Depuis qu’Istanbul a acquis le statut envié de mégalopole dynamique, la capitale économique turque poursuit une mue profonde menée au nom du « marketing urbain global ». Alors que les gratte-ciels de verre font désormais de l’ombre aux minarets, l’actuelle restructuration de la place Taksim est l’une des illustrations récentes des conséquences de cette mutation rapide.

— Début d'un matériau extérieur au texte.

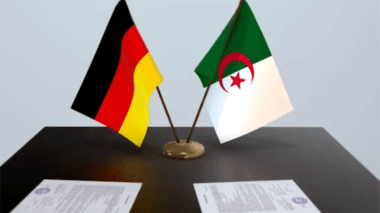 French Calm and Caution Over Growing Algerian-German Rapprochement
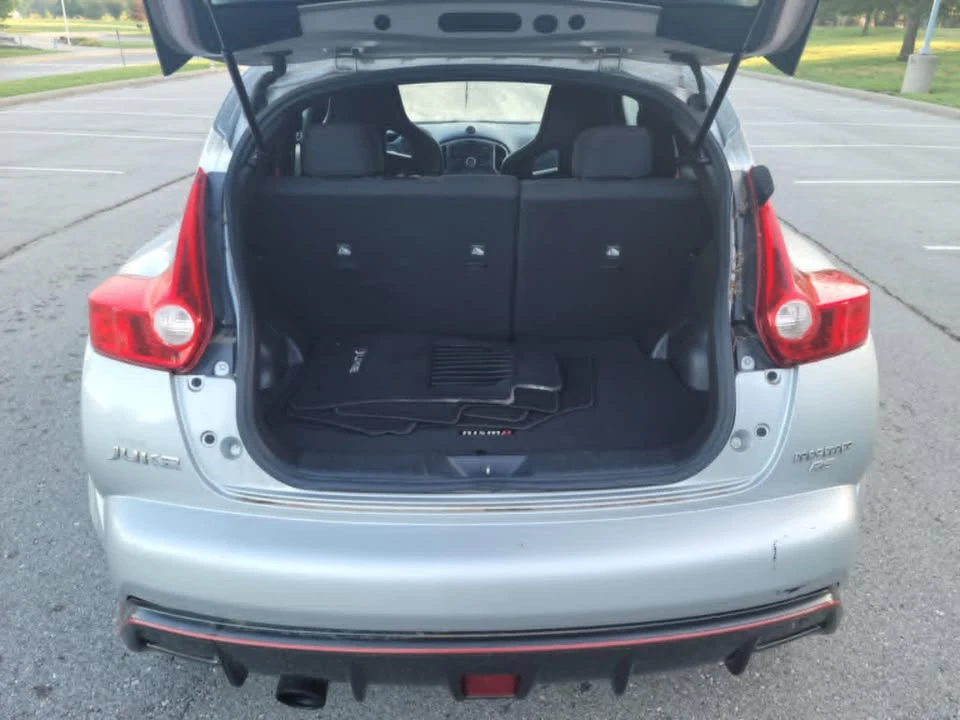 2014 Nissan Juke - Image 9 of 20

Si l’idée d’offrir un lifting à cette esplanade et de repenser ses fonctions pouvait a priori faire consensus, les grandes lignes du « projet Taksim » ont, par contre, suscité la controverse. Annoncé par le premier ministre Erdoğan durant la campagne électorale législative de 2011, le projet a été dévoilé au grand public par la municipalité début 2012. De prime abord, l’intention affichée semblait louable : rendre la place aux piétons en reléguant le trafic en sous-sol. Mais les détails du plan d’aménagement ont très vite inquiété la société civile.

La démocratie, laisse béton

Ainsi, dès l’annonce du projet le collectif Taksim Plateformu s’est employé à dénoncer le parti pris urbanistique choisi et à proposer des alternatives. Pour ses membres, le projet Taksim ne constitue que l’ultime avatar des carences d’une politique de rénovation urbaine qui, de manière quasi systématique, fait fi des exigences démocratiques (absence de consultation préalable des habitants et professionnels de l’urbanisme, manque de transparence). En l’espèce, c’est également la rapidité inhabituelle avec laquelle les instances municipales et autres agences réglementaires ont approuvé le plan de restructuration qui serait révélatrice de l’incurie des pouvoirs publics. On comprend ainsi mieux pourquoi, lorsque les travaux ont débuté en novembre 2012, riverains et commerçants ont eu le sentiment d’être mis devant le fait accompli et n’expriment aujourd’hui qu’incompréhension et frustration. Comme le confie un Stambouliote désabusé : « Ici, n’importe qui peut construire n’importe quoi, n’importe où ! ». Dans un tel contexte, difficile de croire, en effet, que le projet Taksim a été conçu dans l’intérêt des citoyens, d’autant que les performances de l’économie nationale reposent en grande partie sur le secteur du BTP. Dans la sphère politique nationale, il se murmure, en outre, que les grands projets d’infrastructures sont devenus des arguments électoralistes. Rien d’étonnant donc à ce que la suspicion règne quant aux véritables intentions des concepteurs du plan d’aménagement d’une place par ailleurs hautement symbolique.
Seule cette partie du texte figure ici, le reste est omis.